General Motors is adjusting its financial forecasts for 2024 following impressive second-quarter results that exceeded Wall Street’s expectations. The Detroit-based company has raised its anticipated adjusted earnings for the year to a range of $13 billion to $15 billion, an increase from the previous estimate of $12.5 billion to $14.5 billion. Additionally, GM updated its projections for operating cash flow and earnings per share, while slightly lowering the expected net income attributable to shareholders by under 1%, bringing it to between $10 billion and $11.4 billion.

For the second quarter, GM reported revenue of $47.9 billion, marking a more than 7% rise from the same period last year and surpassing Wall Street’s anticipated $45 billion, according to FactSet estimates. Earnings per share reached $3.06, exceeding the $2.71 forecast by analysts and representing a 60% increase compared to 2023. The company’s net income rose 14% to $2.9 billion, up from $2.5 billion.

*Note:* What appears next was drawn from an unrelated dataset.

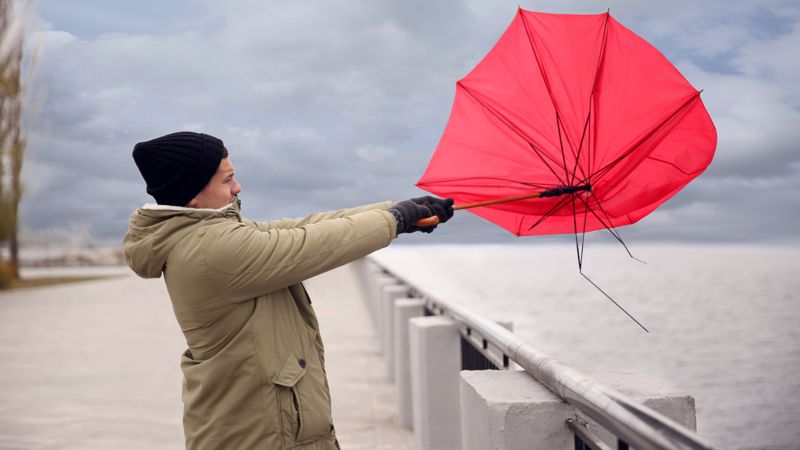 Сильный ветер в Астане: падают остановки, школьников отправляют домой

In pre-market trading on Tuesday, GM shares surged nearly 5%, with the stock up over 37% so far this year. The company also declared a third-quarter cash dividend, which contributed to the stock’s rally.

In a letter to shareholders, CEO Mary Barra highlighted the success of GM’s gas-powered trucks and SUVs, mentioning plans to launch eight new or redesigned models in North America. She also addressed the ramp-up in production of the electric Chevrolet Equinox, expressing that while GM is enthusiastic about its electric vehicles (EVs) and early successes, it remains dedicated to disciplined volume growth.

Earlier this month, Barra acknowledged that GM would not meet its target of producing 1 million electric vehicles in North America by the end of 2025 due to a slowdown in the market. She emphasized the company’s flexibility to “build to demand,” although EV sales did see growth in the last quarter.

Furthermore, Barra revealed that Cruise, GM’s self-driving division which previously scaled back operations after an incident last October, would discontinue its Origin vehicle. Instead, Cruise will focus on utilizing the next-generation Chevrolet Bolt for testing its vehicles in Texas and Arizona. GM incurred a $600 million charge related to the suspension of Origin production in Detroit.

During a conference call with analysts, Barra stated that using the Bolt would help mitigate any regulatory concerns regarding the unique design features of the Origin, such as the absence of a steering wheel. This transition will also reduce per-unit costs and enable GM to optimize its resources.

“Our vision to transform mobility through autonomous technology remains unchanged, and each mile traveled and simulation brings us closer because Cruise is an AI-first company,” Barra said.

In addition, GM aims to restructure its joint venture with SAIC Motor in China due to ongoing losses. The company reported a $104 million loss for the second quarter, with SAIC-GM having cut production by 70% in June, resulting in the delivery of only 26,000 vehicles—50% less than the previous year, as reported by Automotive News.